Miranda Richardson is about ten years older than Gerard Butler. This is perfect for my purposes because I find her character difficult to pin down. The young boy saved from the cage certainly attaches his earliest affections to her. The nature of this love is ambiguous and puzzling even to him, especially as he goes through his adolescence. There is a stage in which Mme. Giry must have been absent. She marries, has Meg, and eventually returns to the opera house. This absence has a profound effect on the relationship between her and the young man in the vaults of the Opera Populaire.

In my series, Mme. Giry’s relationship with the Phantom is sometimes characterized as that between an older sister and a younger brother. Given that he was still a young boy when she rescued and began to “take care of” him, her relationship to him is marked by a strong “maternal” aspect. What complicates this relationship later when he’s older and yet still living in the Opera Populaire is the fact that there is a good deal of distance between the characters. Mme. Giry acts as his liaison with the world above, but you don’t get the feeling that she spends a lot of time with him down in his lair. I think this distance that comes to characterize the relationship between Giry and the Phantom is sad. In my series, this is one of the aspects that Erik has to deal with. He’s not always sure what his relationship to Mme. Giry is or should be. In time, this relationship also develops and deepens.

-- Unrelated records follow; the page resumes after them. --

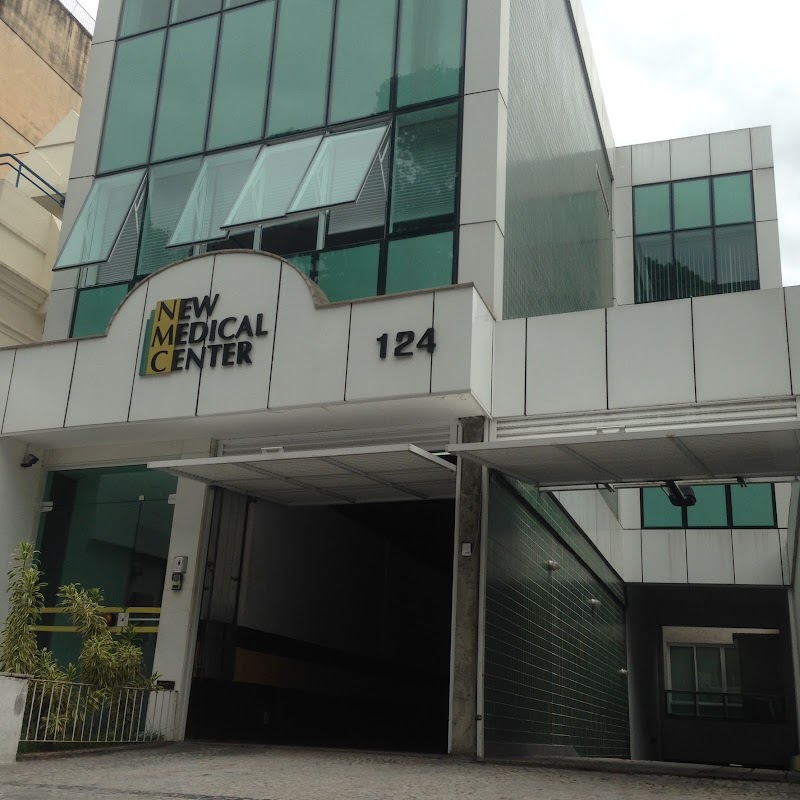 in clinic odontologia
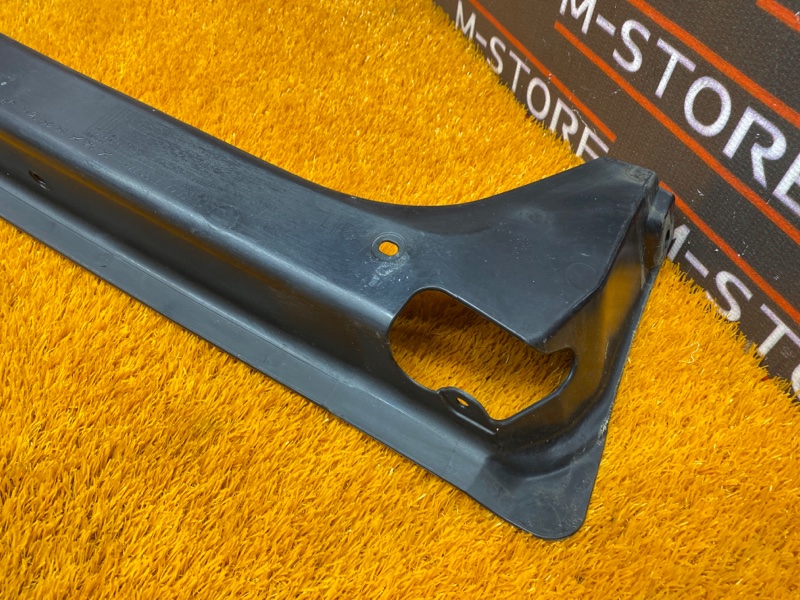 Водосток багажника, 630 рублей, Красноярск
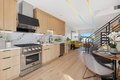 Additional image 20 of 725 Lakeview Ave, San Francisco, CA, 94112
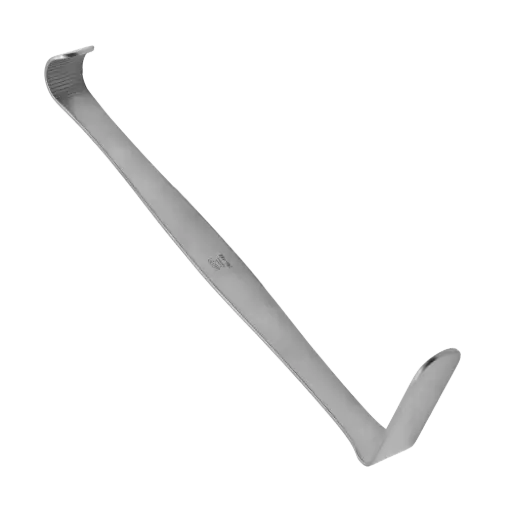 Heaney Retractor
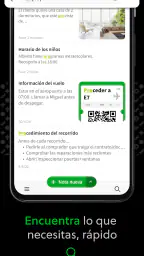 Evernote: Organizador de notas 4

Tracy 10. Lastly, have you ever seen ALW's play on stage, if so any thoughts, if not, do you hope to?

No, I haven’t. I would love to see it. I wonder what my experience would be of the stage play. If I get a chance to see it, I certainly will, but I know that it will be a different experience from that of the movie.

Thanks again for the opportunity to talk about my novels. Indeed, a bit like the Phantom, I seem to have my own obsessions. Although I sat down in early 2005 to write The Phoenix of the Opera, something in the story of the Phantom continues to stir my imagination. I’m not sure that the story can ever truly end.